Well, having lived in LA, I can say that there are smart people there - people who make lots of money just by "doing lunch". And there are greedy people, too (see previous sentence). And Southern California water has everything imaginable floating around in it. Even the air in LA has stuff floating around in it.

One clue came to me while reading a book called The Axemaker's Gift by James Burke and Robert Ornstein. They trace modern technology back to the first toolmakers, their eponymous axemaker. Burke and Ornstein contend that the axemakers started a process of the serial collection and handing down of knowledge which, acting in concert with selection, has quite literally changed the world.

It takes millennia for selection to make relatively small changes in a given animal - a millennium sees the genome change by only a few bits in a trillion, according to Stephen Hawking. But toolmakers can make tools that encode knowledge - carved staffs, or clay tablets, or papyrus scrolls, or books or web pages - and thus form a kind of external genome of information which gives each generation a leg up on the last.

The process forms a feedback loop that gets faster as time passes and the knowledge-base grows. The more you learn and understand, the easier it is to discover new things and extend the knowledge-base even further.

And that's what I see my fellow Silicon Citizens doing every day - hewing and honing software the way our ancestors once hacked and polished stone.

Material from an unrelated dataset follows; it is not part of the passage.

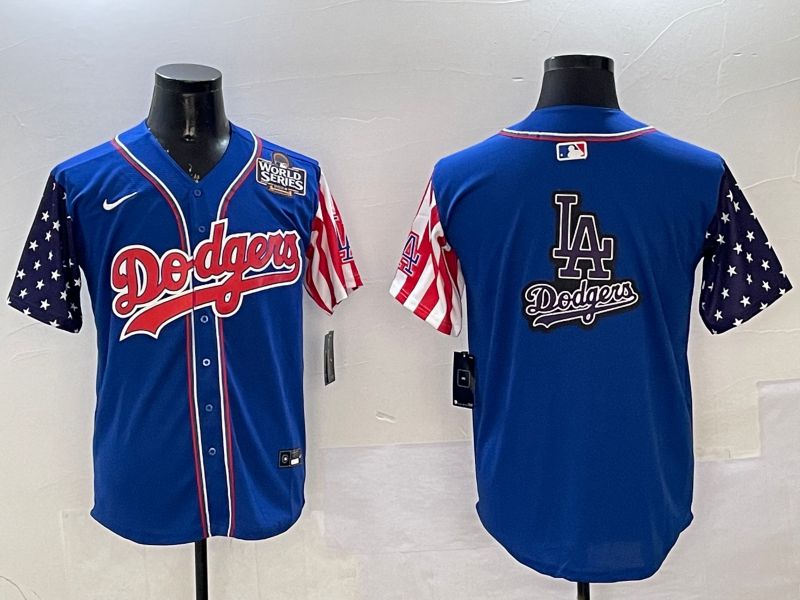 Men Los Angeles Dodgers Blank Blue a generation of national flags Joint name 2025 Nike MLB Jersey style 20->nfl t-shirts->Sports Accessory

The computer-makers create a need for inventors whose routers form networks that drive a demand for more and better computers.

We all just happened to hit a time when, and a place where, the knowledge curve was beginning to bend sharply upward. Axemakers were better able to bag game, and carve the nourishing meat from the bones, so they did better than their tool-less peers.

Likewise, we stoop-shouldered nerds, peering from behind thick lenses, better comprehend the complexities of building the plumbing upon which the Information Age will depend, and so are doing better than some of our peers.

"First we shape our tools, thereafter they shape us," said Marshall McLuhan. Right now, I'd just like to shape a path around this traffic.